This, of course, leads me to the best part of the convention: the people. I ran into so many people I knew and had so many good conversations with new friends that this was one of the best conventions I’ve been to thus far, and certainly the best World Fantasy since I started going about three years ago. I saw Sarah Beth Durst several times (and got her to sign my daughters’ copy of The Girl Who Could Not Dream, which they loved). I chatted Dungeons and Dragons with BCS editor Scott Andrews. I met Mike Mammay and introduced him and his wife to the wonders of the Cheesecake Factory. I was taken to dinner by my agency, where I talked with a lot of very interesting people, including Neil Clarke and Aliette de Bodard. I hung out with my editor a bit and got to sit at the Harper Voyager table with SA Chakraborty and her family while we waited to hear if she’d won the World Fantasy Award (she didn’t, but we all had such a great time it scarcely mattered). If making friends and connections are what conventions are about (and that is what I think, anyway), this one was a resounding success.

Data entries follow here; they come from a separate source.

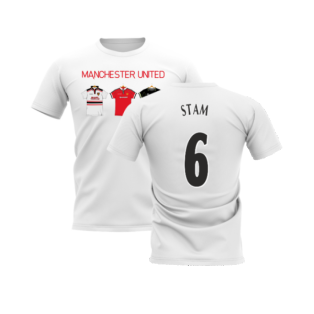 Manchester United 1998-1999 Retro Shirt T-shirt - Text (White) (Stam 6)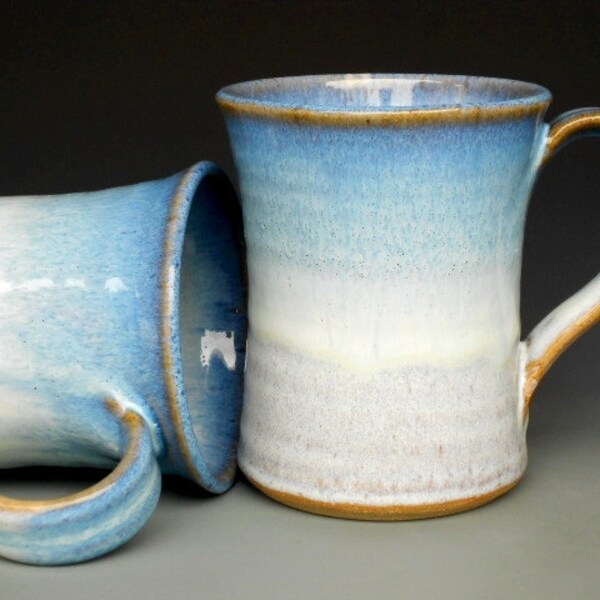 Blue Mug Ceramic Coffee Cup Tall White-Blue Rim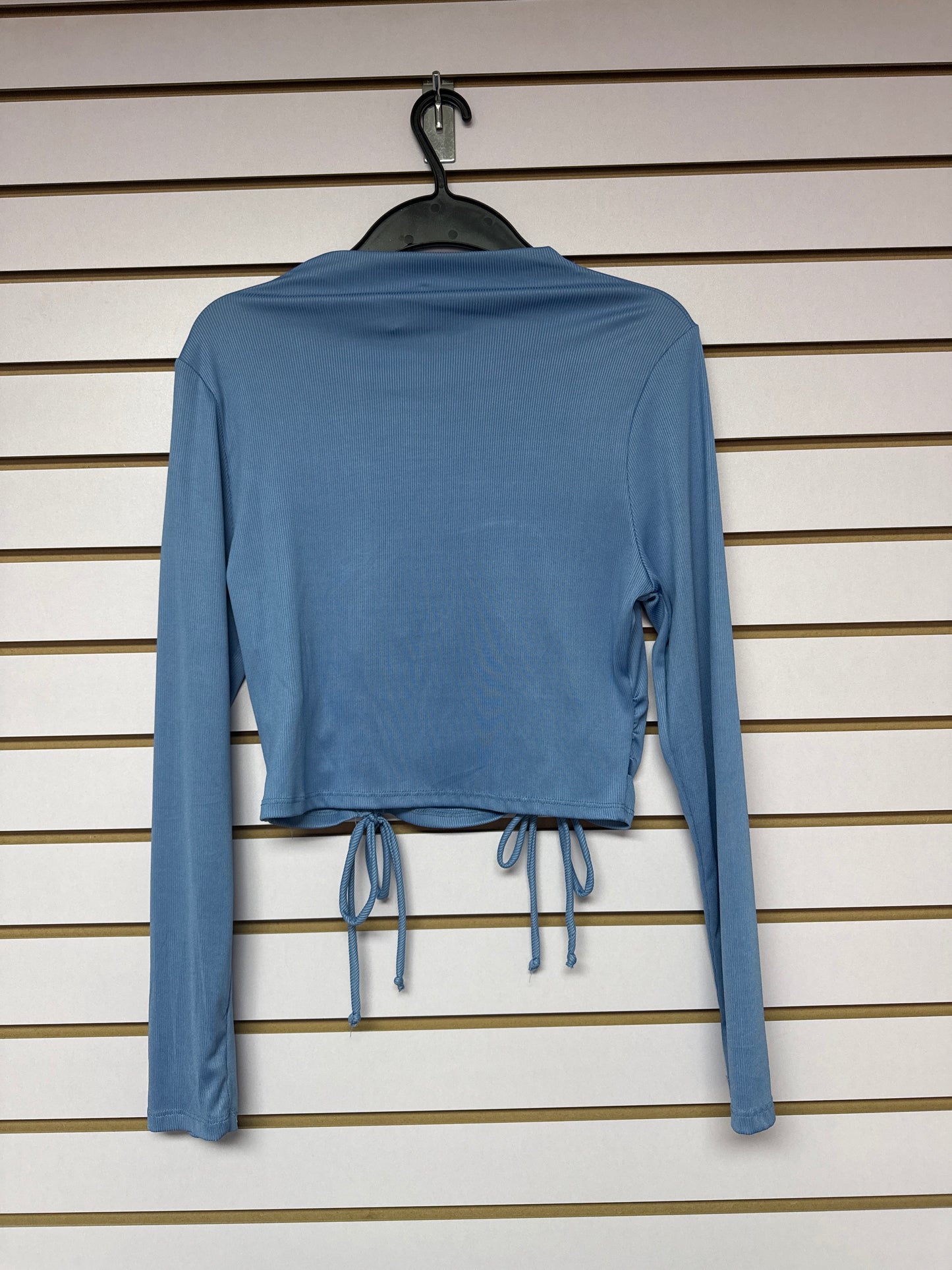 Blusa Corta Azul Manga Larga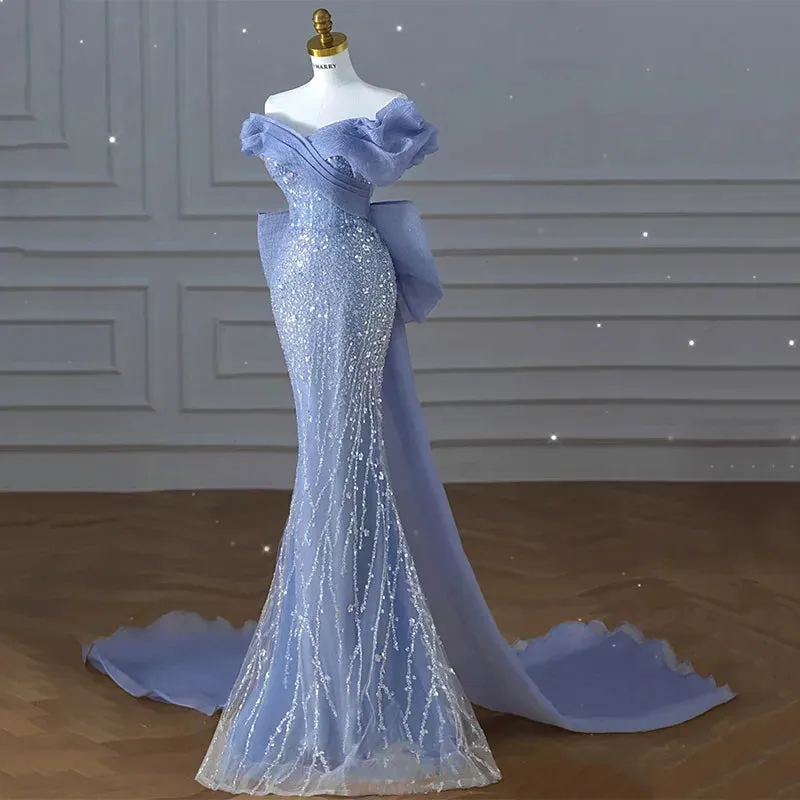 Uniwim Luxury Blue Prom Dresses Off The Shoulder V Neck Beading Sequins Mermaid Detachable Bow Train Pleated Evening Gowns Vestidos New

I also met a lot of new and upcoming authors and a lot of people trying to get published or who are just fans. I had a lot of good conversations with them (at the Beneath Ceaseless Skies 10th anniversary party, for instance, we talked about race and gender in fantasy and it got pretty heavy) and walked away feeling like my world was a little larger and me a little less alone. I hope they felt the same way, and I look forward to seeing them at the next con.

See you all at Boskone this February!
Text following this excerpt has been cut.